Exercise goal:
Everything in the data gets repeated exactly, except for the pictures.

Source data:
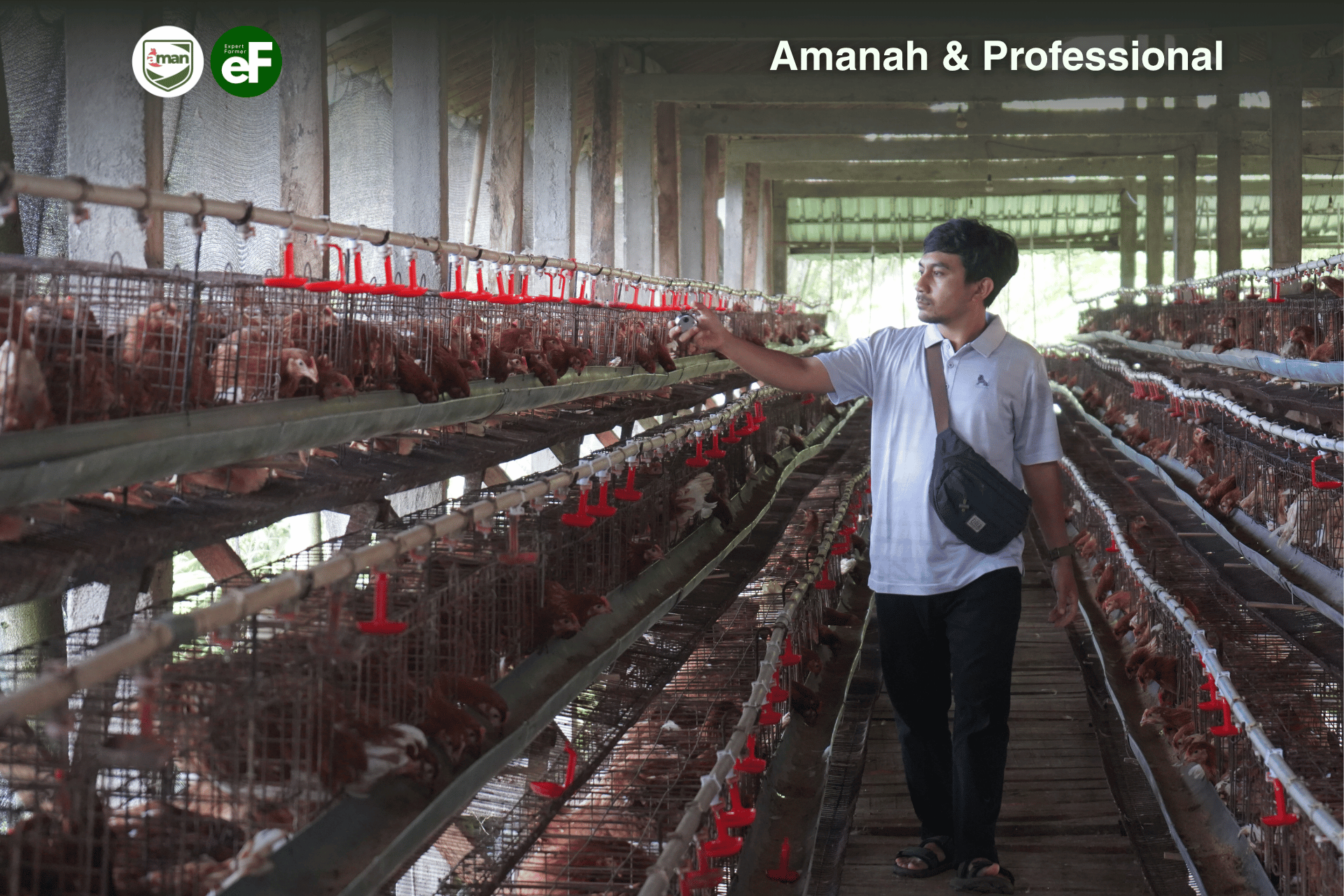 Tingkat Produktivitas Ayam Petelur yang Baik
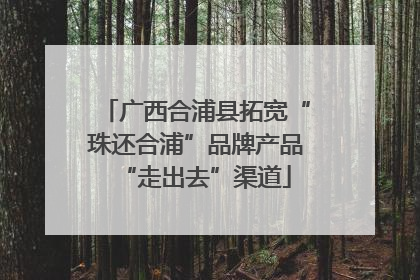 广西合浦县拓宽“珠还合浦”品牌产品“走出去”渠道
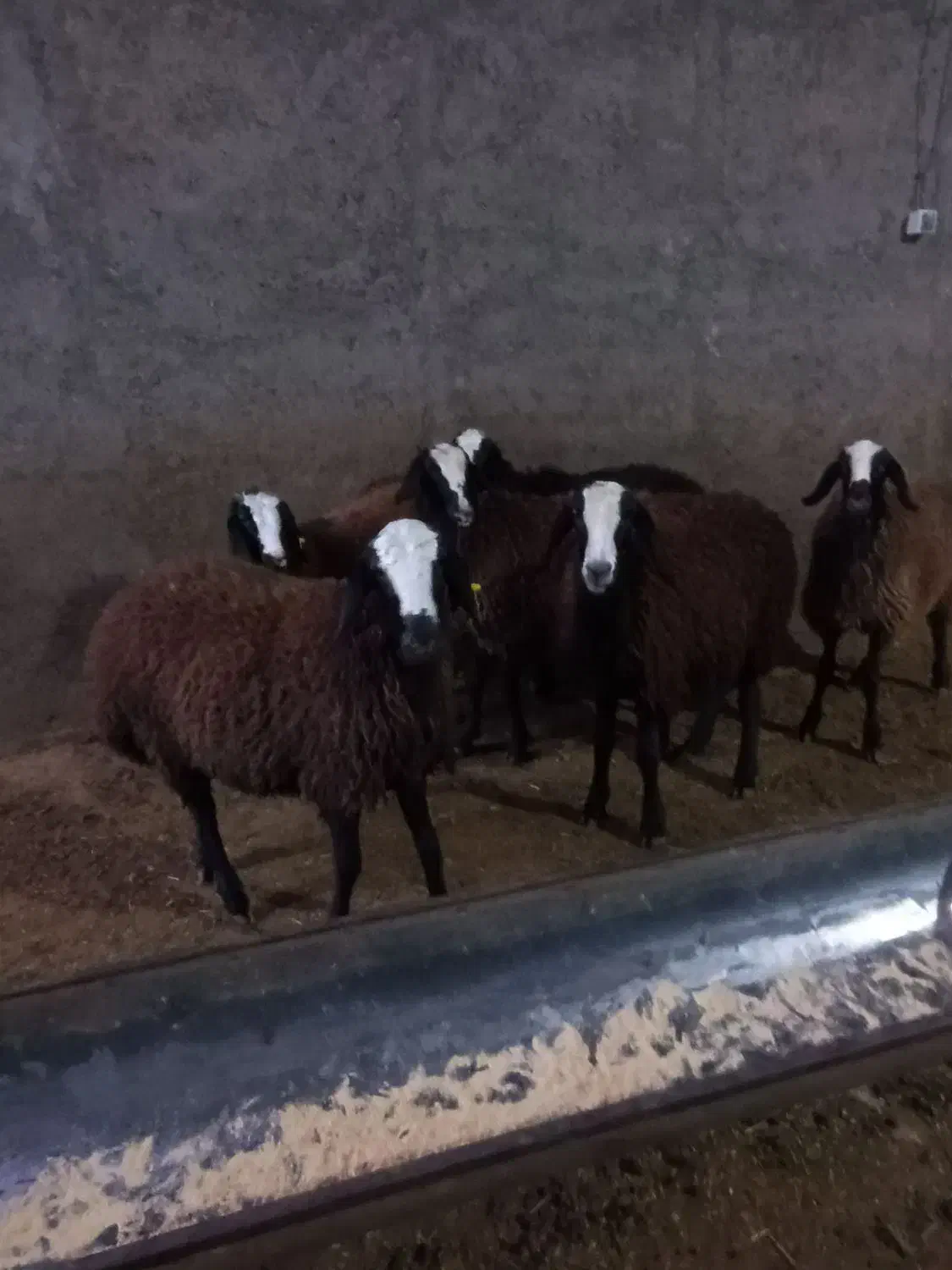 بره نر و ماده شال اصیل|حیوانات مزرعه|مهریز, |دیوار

Answer area:
 Tingkat Produktivitas Ayam Petelur yang Baik
 广西合浦县拓宽“珠还合浦”品牌产品“走出去”渠道
 بره نر و ماده شال اصیل|حیوانات مزرعه|مهریز, |دیوار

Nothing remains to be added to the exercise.